Client-driven animated GIF generation framework using an acoustic feature
This repository contains the original implementation of the paper Client-driven animated GIF generation framework using an acoustic feature, published in MTAP 2021.
We present a novel methodology to generate animated GIF images using the computational resources of a client device. The method analyzes an acoustic feature from the climax section of an audio file to estimate the timestamp corresponding to the maximum pitch. Further, it processes a small video segment to generate the GIF instead of processing the entire video. This makes the proposed method computationally efficient, unlike baseline approaches that use entire videos to create GIFs.
- Linux or macOS
- Python 3.6
- CPU or NVIDIA GPU + CUDA CuDNN
- Clone this repo:
git clone https://github.com/iamgmujtaba/gif-acoustic
cd gif-acoustic
- Install TensorFlow and Keras and other dependencies
- For pip users, please type the command
pip install -r requirements.txt
.
- For pip users, please type the command
- Download the GTZAN dataset here
- Extract the downloaded file in the data folder and the structure should look like this:
├── data/
├── gtzan
├── blues
├── classical
.
.
.
├── rock
- Run python train code to train the GTZAN dataset
python train.py
To run the code, you will need to configure HLS Server. Follow the hls-server guide for configuration. To generate segments and extract audio files from multiple videos, run the following script from HLS-Server
python .\main.py -i .\input\ -o .\output\
- Run python HCR_proposed.py code to test the computation processing time using the proposed method on HCR device.
python HCR_proposed.py
- Run python HCR_baseline.py code to test the computation processing time using the baseline method on HCR device.
python HCR_baseline.py
Note: Github does not support animated WebP formats. We have to convert WebP images to GIF to use in Github.

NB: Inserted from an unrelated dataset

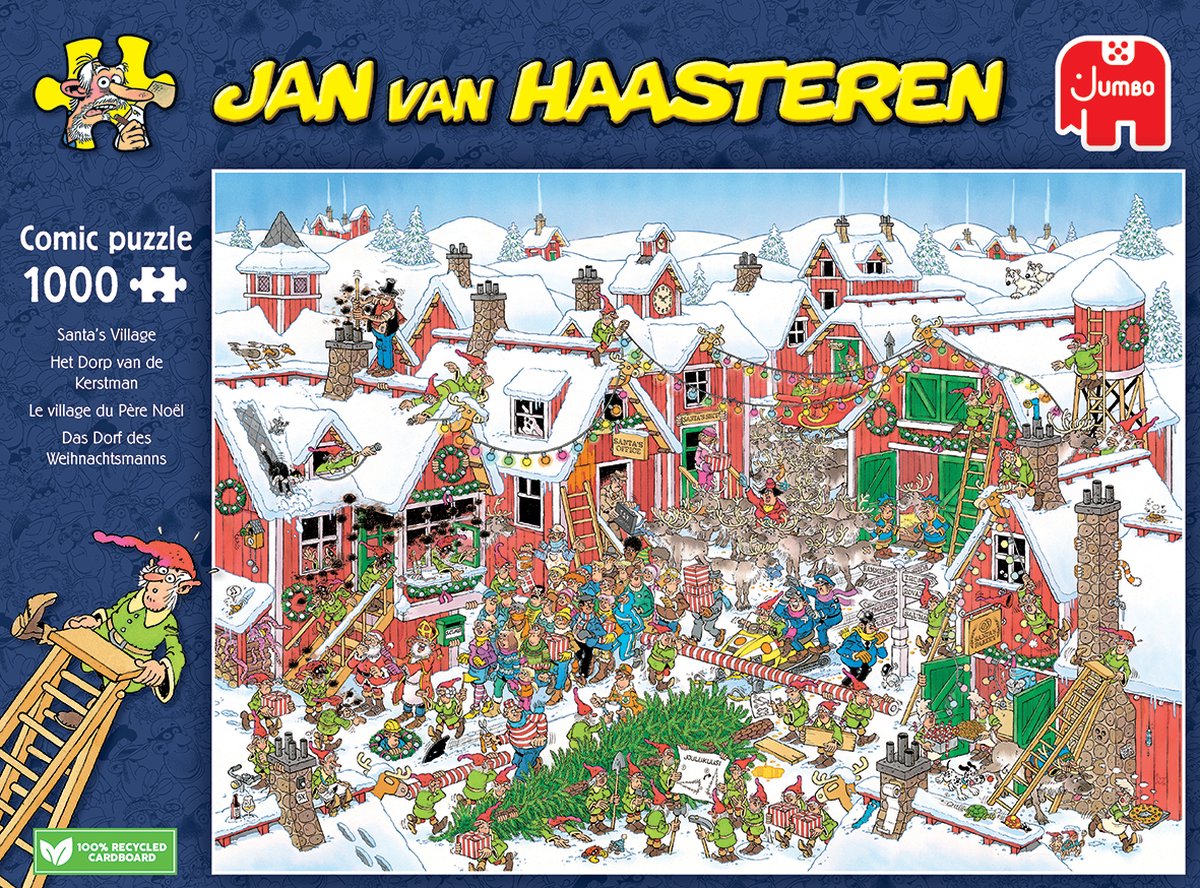Jan van Haasteren Kerstdorp Puzzel 1000 Stukjes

Example of GIFs generated using the proposed method
Officially, Jetson devices do not support installation. MMAPI or GStreamer can be used. Please use the following guide to install FFmpeg. FFmpeg installation on Jetson TX2
If you use this code for your research, please cite our paper.
@article{mujtaba2021,
title={Client-driven animated GIF generation framework using an acoustic feature},
author={Mujtaba, Ghulam and Lee, Sangsoon and Kim, Jaehyoun and Ryu, Eun-Seok},
journal={Multimedia Tools and Applications},
year={2021},
publisher={Springer}}
Copyright (c) 2021, Ghulam Mujtaba. All rights reserved. This code is provided for academic, non-commercial use only. Redistribution and use in source and binary forms, with or without modification, are permitted for academic non-commercial use provided that the following conditions are met:
- Redistributions of source code must retain the above copyright notice, this list of conditions and the following disclaimer.
- Redistributions in binary form must reproduce the above copyright notice, this list of conditions and the following disclaimer in the documentation provided with the distribution.
This software is provided by the authors "as is" and any express or implied warranties, including, but not limited to, the implied warranties of merchantability and fitness for a particular purpose are disclaimed. In no event shall the authors be liable for any direct, indirect, incidental, special, exemplary, or consequential damages (including, but not limited to, procurement of substitute goods or services; loss of use, data, or profits; or business interruption) however caused and on any theory of liability, whether in contract, strict liability, or tort (including negligence or otherwise) arising in any way out of the use of this software, even if advised of the possibility of such damage.